*What the exercise asks*.
The reply should contain the full listing exactly as written and no pictures at all.
(Dataset section begins)
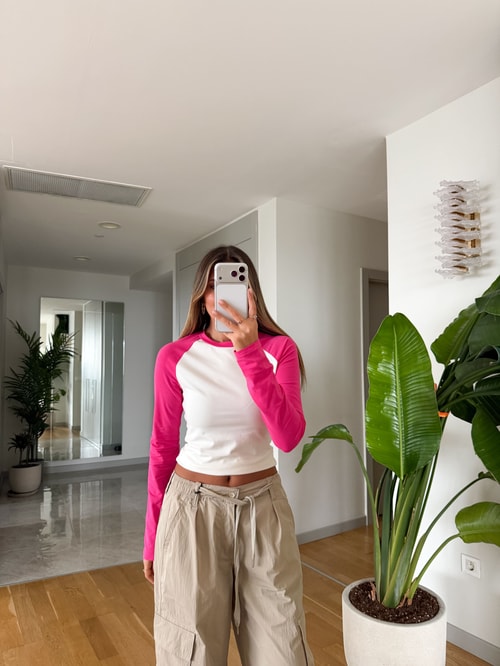 Kontrast Renkli Dar Basic - Pembe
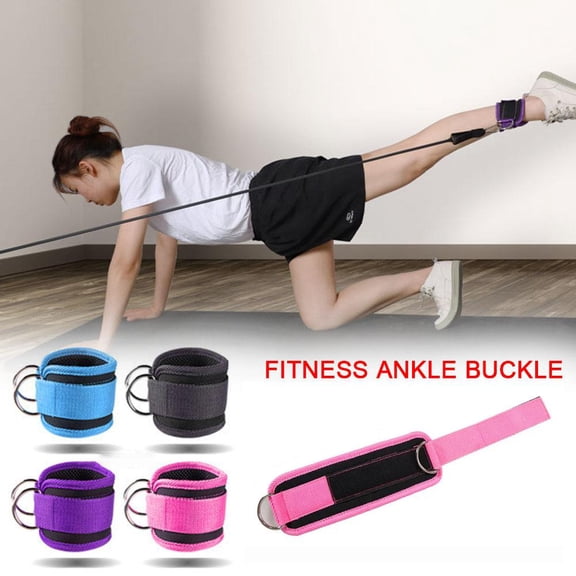QHUDLV Fitness Ankle Strap Adjustable D Foot Support Cuffs Gym Leg Strength Pul )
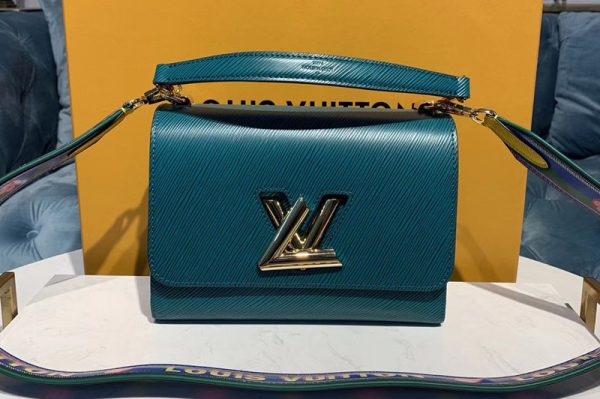 Replica Louis Vuitton M50282 LV Twist MM handbags Blue Epi Leather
(Dataset section ends)
*Solution to the problem*.
 Kontrast Renkli Dar Basic - Pembe
QHUDLV Fitness Ankle Strap Adjustable D Foot Support Cuffs Gym Leg Strength Pul )
 Replica Louis Vuitton M50282 LV Twist MM handbags Blue Epi Leather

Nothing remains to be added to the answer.